Cubans are better informed than ever before, said Ruben Polanco, 29, an
IT worker with a state bank. "With this," he said, indicating the camera
on his Motorola phone, "the truth gets out."

Three recent examples show the technology's impact. Last month a
baseball game between Industriales and Sancti Spíritus turned into a
riot. Police waded into players and spectators – including a communist
party chief – with batons and pepper spray.
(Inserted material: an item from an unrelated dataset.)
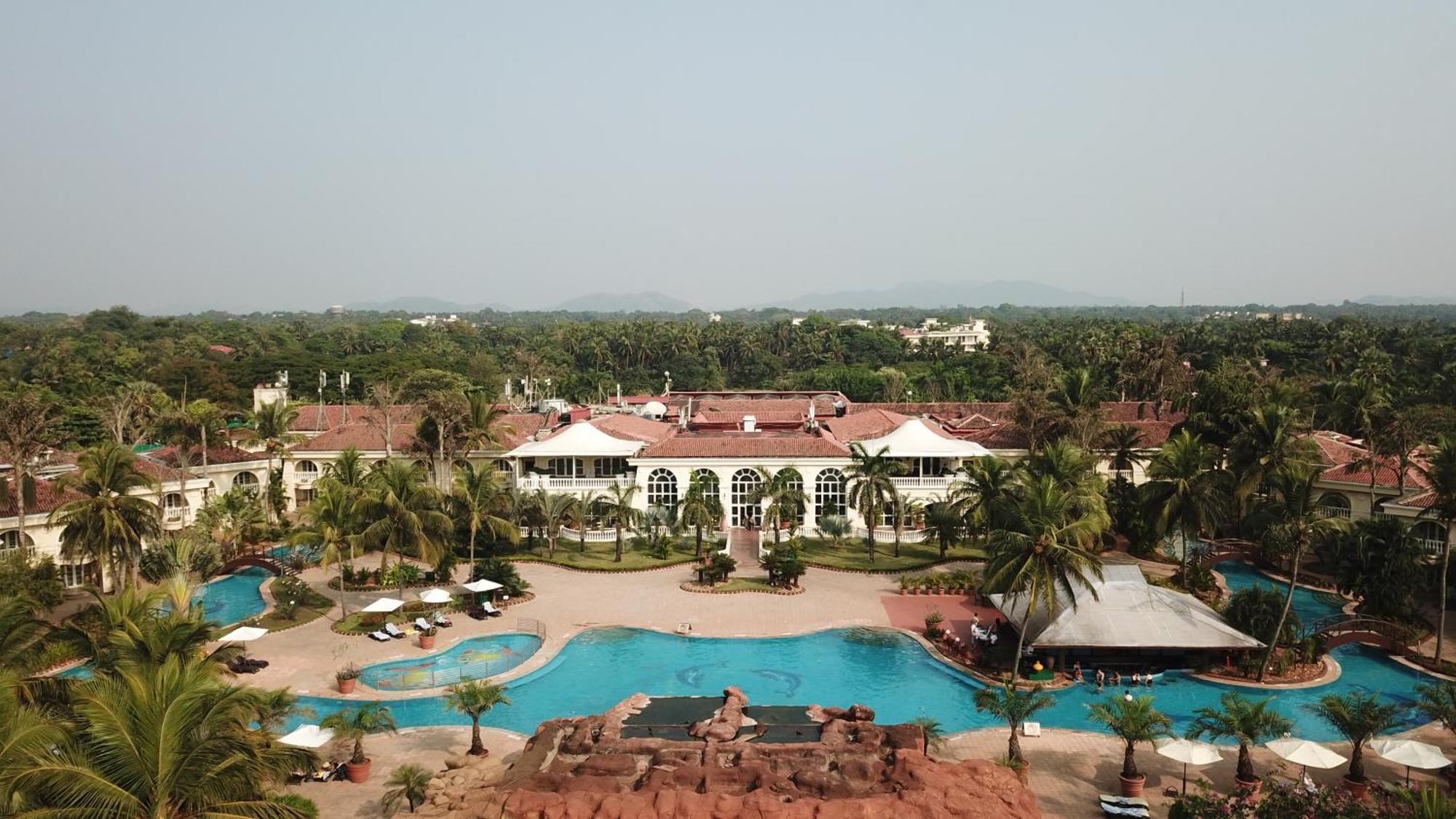 The Zuri White Sands, Goa Resort & Casino Варка Екстер'єр фото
In the past the incident
would have been the stuff of rumour, at most, but this time the brawl
was captured on mobile phones, loaded on to flashcards, played on
computers and DVD players across the island and uploaded to YouTube.
"Everyone was talking about it, saying did you see the guy in the
headlock," said Polanco.

Another clandestine video hit was a protest at the Instituto Superior de
Arte (ISA) in Havana where dozens of students protested over foul food
and other grievances.

A third case has fuelled anger over a scandal at the main psychiatric
hospital where at least 26 patients died during freezing weather in
January. The authorities admitted a blunder, promised an investigation
and hoped to move on. Instead, autopsy photographs showing emaciated,
apparently bruised corpses were leaked. "It's one thing to hear and
another to actually see," said Antonio Gonzalez-Rodiles, 37, a scientist
who received the images on a flashcard. "The bodies were skin and bone,
like something out of a concentration camp. It's really, really upsetting."
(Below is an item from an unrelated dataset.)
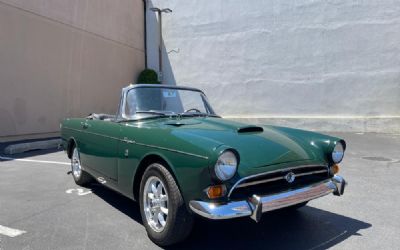 Photo of a 1967 Sunbeam Tiger for sale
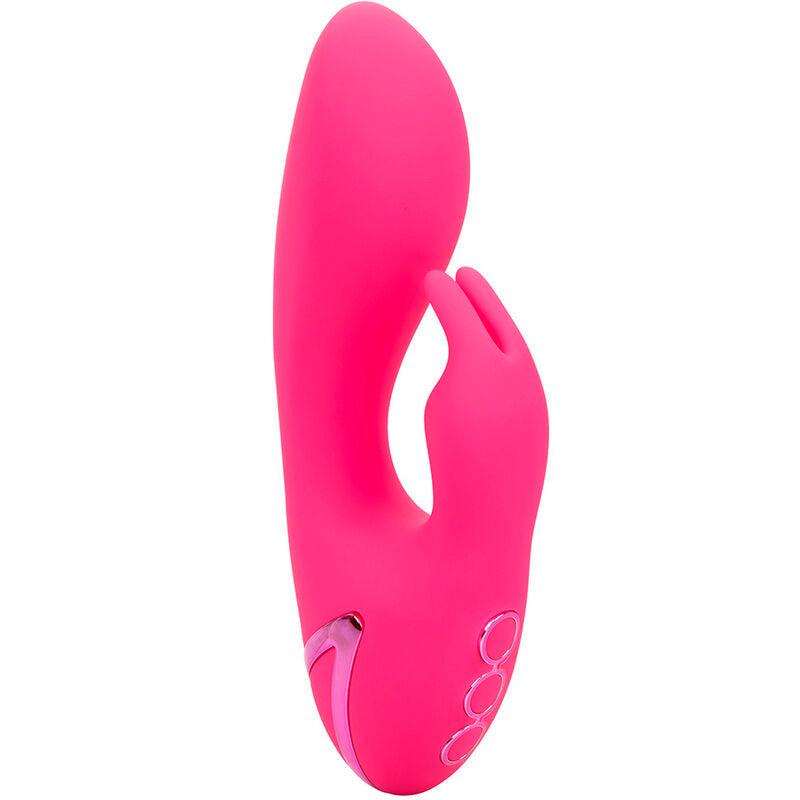 CALEXOTICS - SO. CAL SUSHINE VIBRATOR RABBIT FUCSIA BY CALIFORNIA DREAMING - Optelum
Unlike in Burma, Iran and other countries with repressive regimes, Cuba
remains calm and stable. There are no uprisings, no mass demonstrations,
so information technology poses no immediate risk to the government.

Over time, however, the technology is likely to present an increasingly
fraught challenge. The sea still surrounds it, but Cuba is ever less an
island.

Bloggers critical of the government, such as Yoani Sanchez, have
attracted wide followings overseas and admirers at home, despite
internet restrictions. Secret police have struggled to winkle out
satellite TV dishes hidden in water tanks, among other places.

Cuba's government retains formidable control but a battle with
information technology is likely to be a battle lost, said Dianna
Melrose, the British ambassador in Havana. "They are trying to do a King
Canute, they are fighting an impossible tide."